I often use hyperbole to emphasize a point. I honestly mean no offense.
That comment wasn't even meant to be fair, I was hoping to be provocative...


> You really got me thinking more about how this recursion actually
> behaves, especially with respect to elements such as OneOrMore. Your
> original question is really quite common, and up until now, my stock
> answer has been to use negative lookahead. The expression you posted
> is the first time I've seen this solution, and it *does* work.

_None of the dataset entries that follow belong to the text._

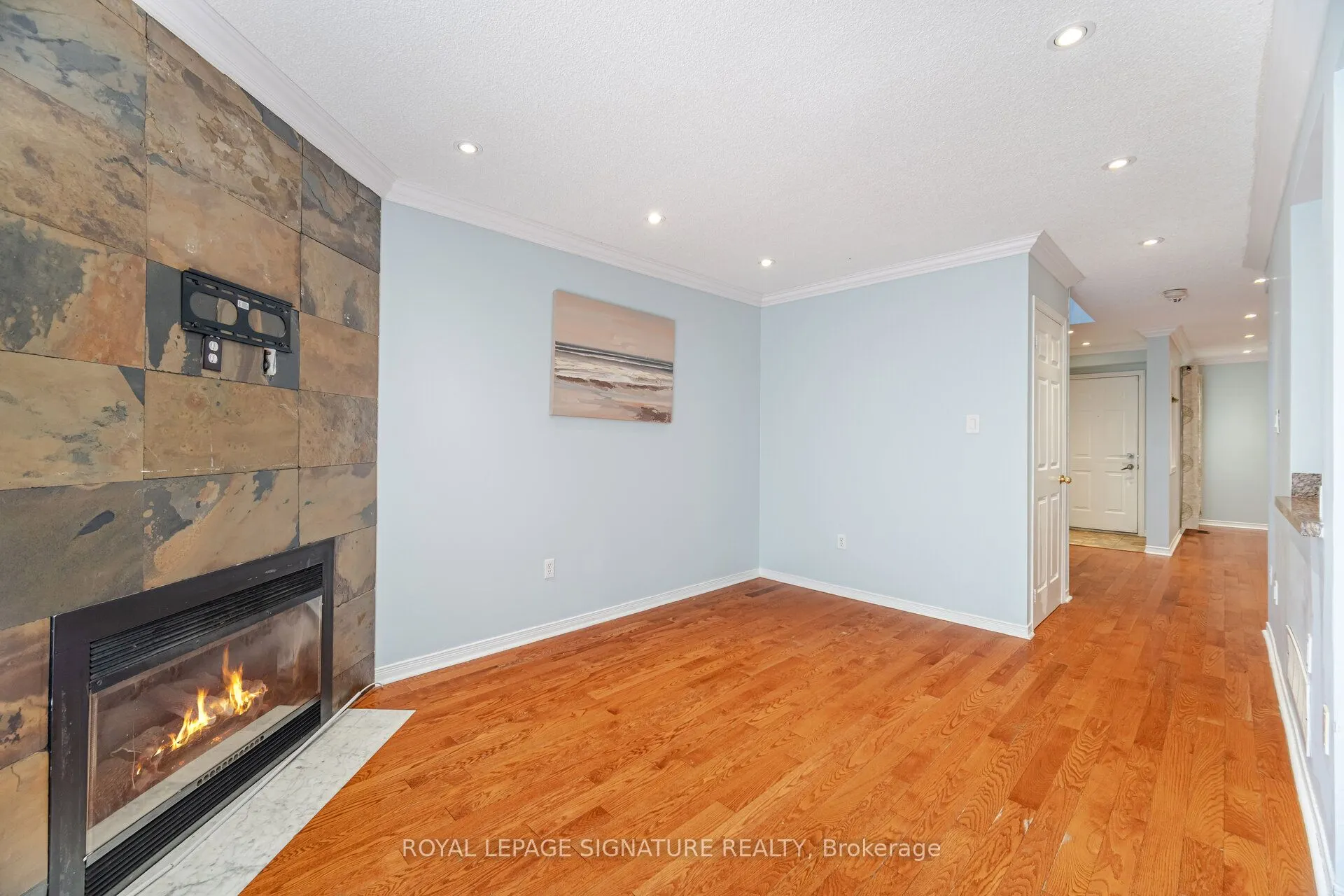 2555 Thomas Street, #89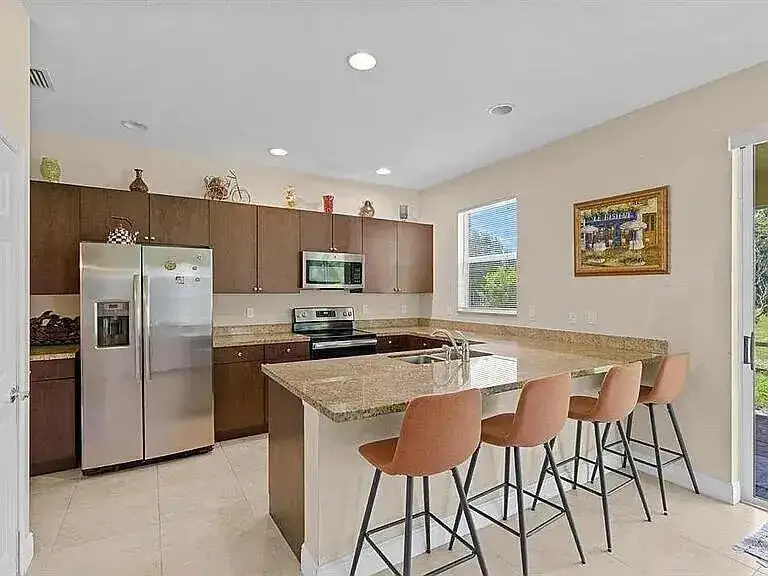 1513 NW Cataluna Circle, Port St. Lucie FL 34986 photo 2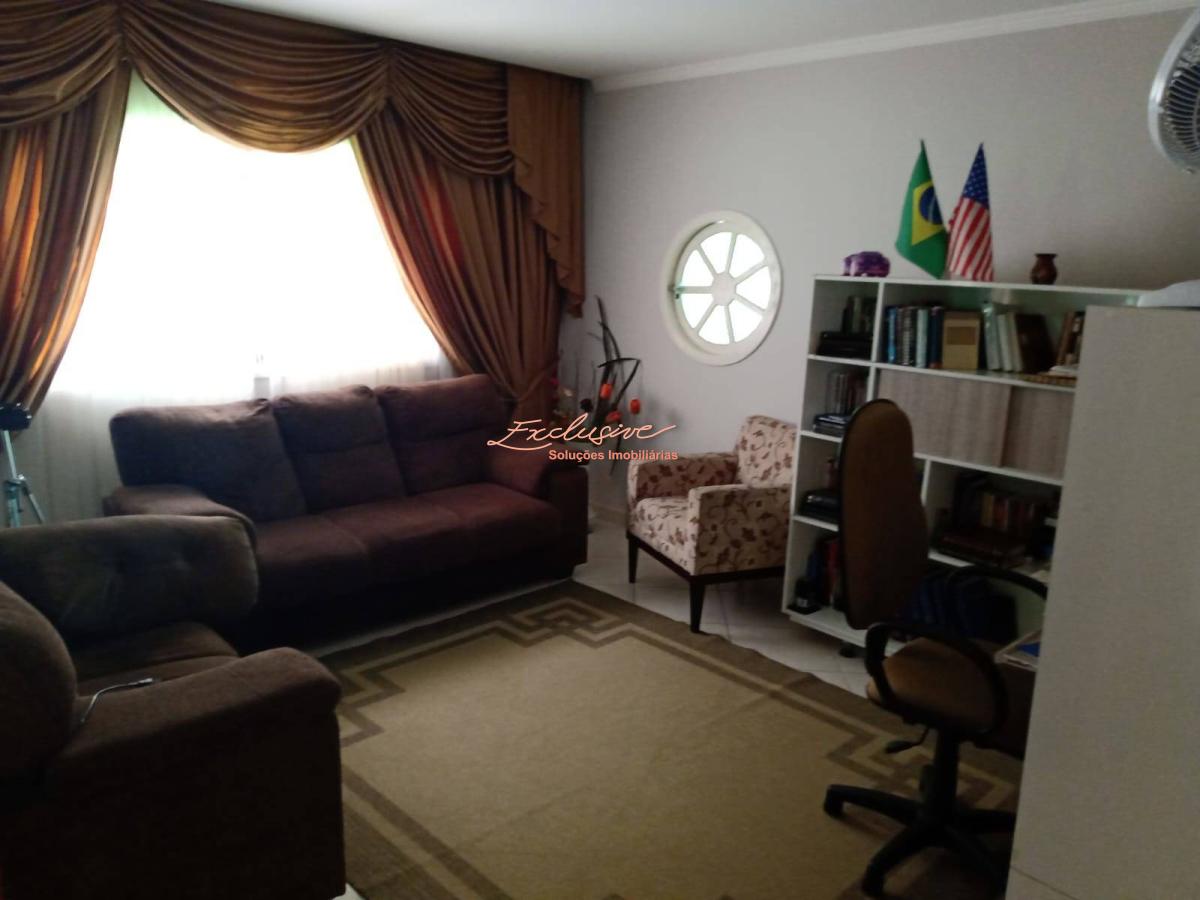 Casa - Vila Júlia, Poá - Cristina Cavalcanti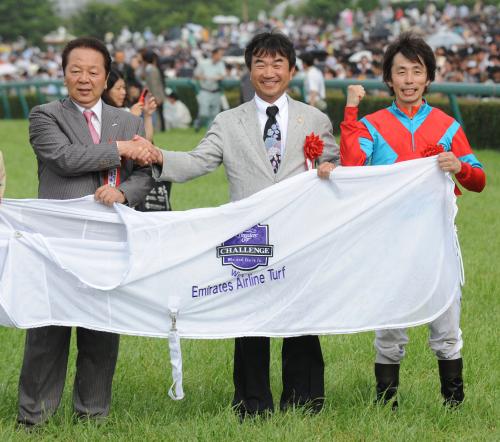 ＜宝塚記念＞記念撮影で笑顔の（左から）前田オーナー、佐々木晶師、佐藤騎手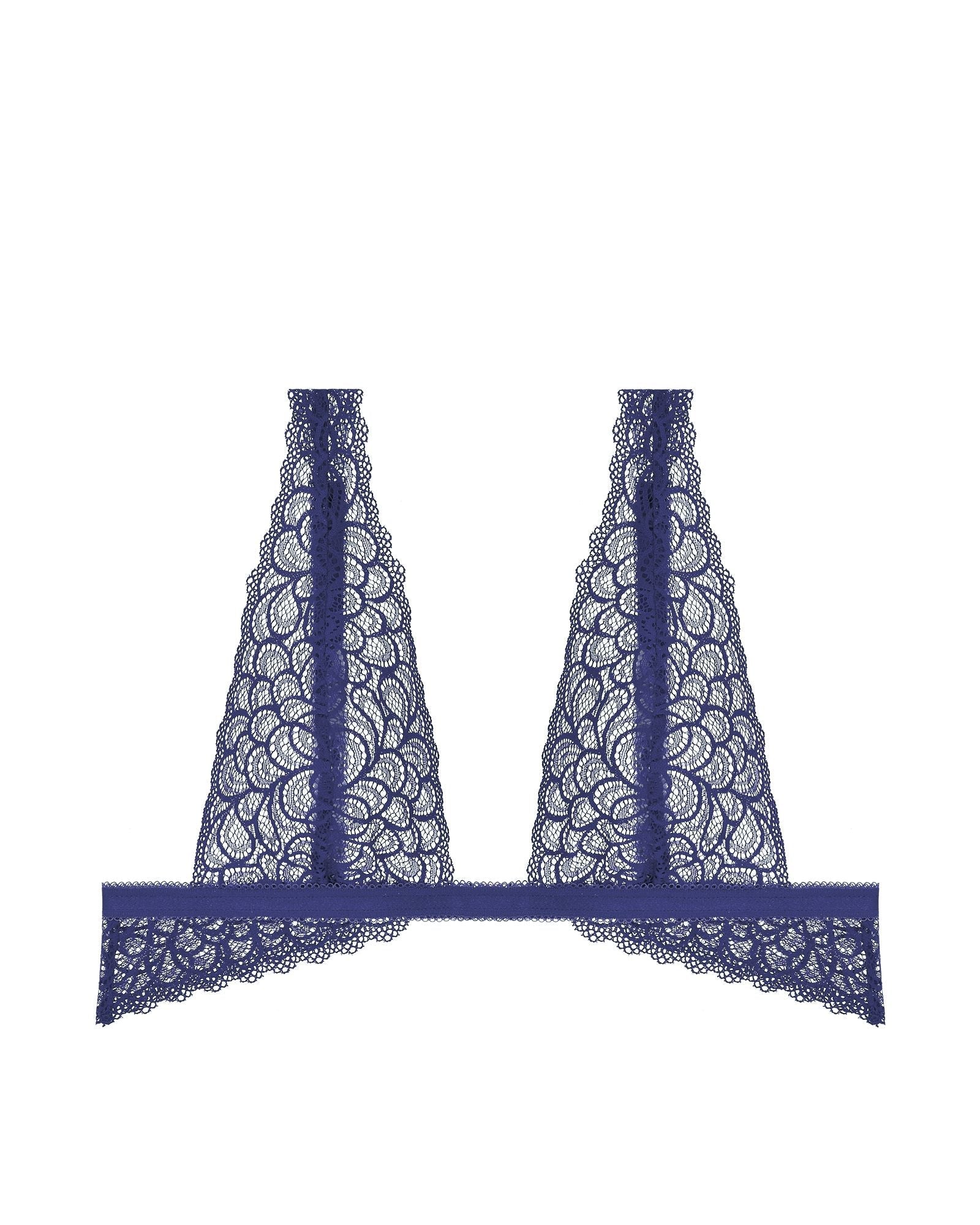 https://s7d2.scene7.com/is/image/Journelle/144572-1040-z?wid=2500&fit=constrain
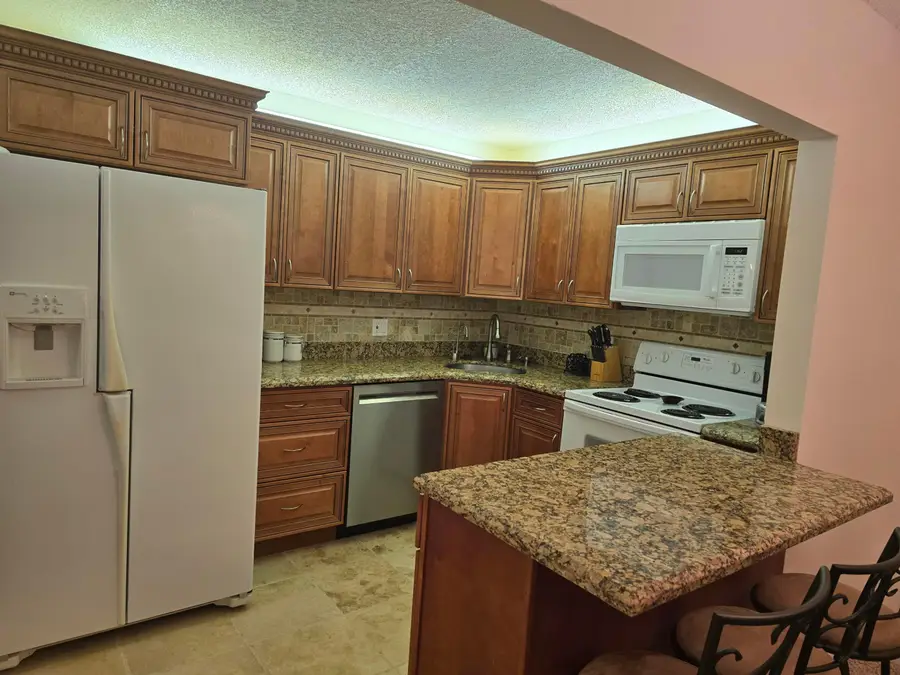 317 Pine Ridge Circle, Greenacres, FL 33463 - #3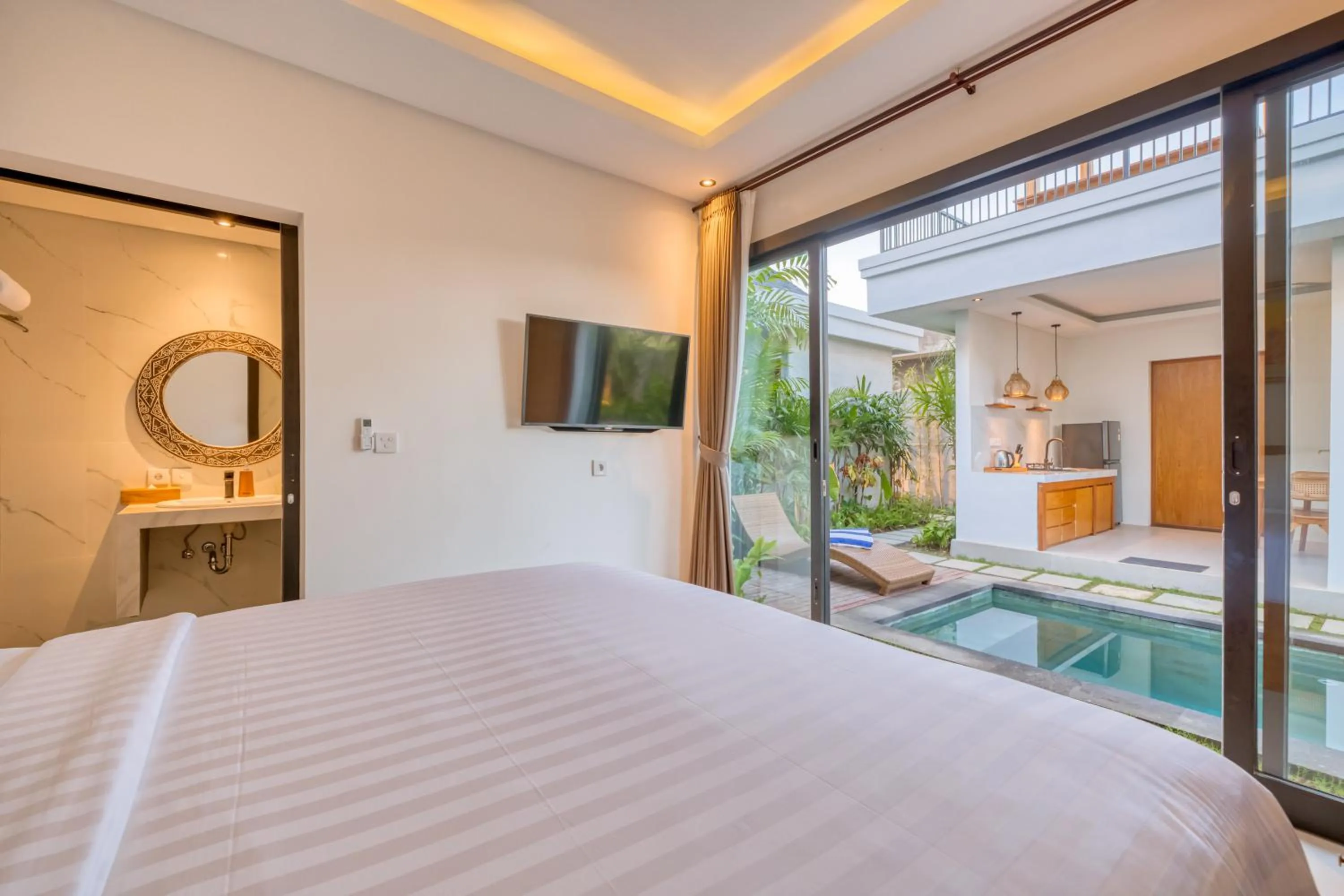 Bed in Villa Mirah Ubud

I'm glad I got you thinking! I'd hate to be another newbie with another
of a thousand questions answered in the FAQ....
Hey, are you the author of pyparsing?


> I was all set to write a cocky response on why your expression
> wouldn't work. I've seen it many times before, where people (usually
> coming from EBNF experience) implement listOfXs = OneOrMore(x) as:
>
> listOfXs = Forward()
> listOfXs << ( x + listOfXs | x )
>
> Actually, what they usually write is:
>
> listOfXs << ( listOfXs + x )
>
> but this sends pyparsing into a recursive tailspin.
>
> So I fired up SciTE and copy/pasted your code into the editor and ran
> it, and it worked just fine - this was a shock! I studied this for a
> few minutes, and then realized what was happening. First of all, I
> misread what you posted. You posted this:
>
> grammar << ((word + grammar) | (word + Literal(end)))
>
> which works. I *thought* you posted this:
>
> grammar << ((word + grammar) | word) + Literal(end)
>
> which doesn't work. In fact this behaves the same as your original
> post, except it iterates over the input string's words recursively,
> vs. repetition ins a for-loop, as is done by OneOrMore.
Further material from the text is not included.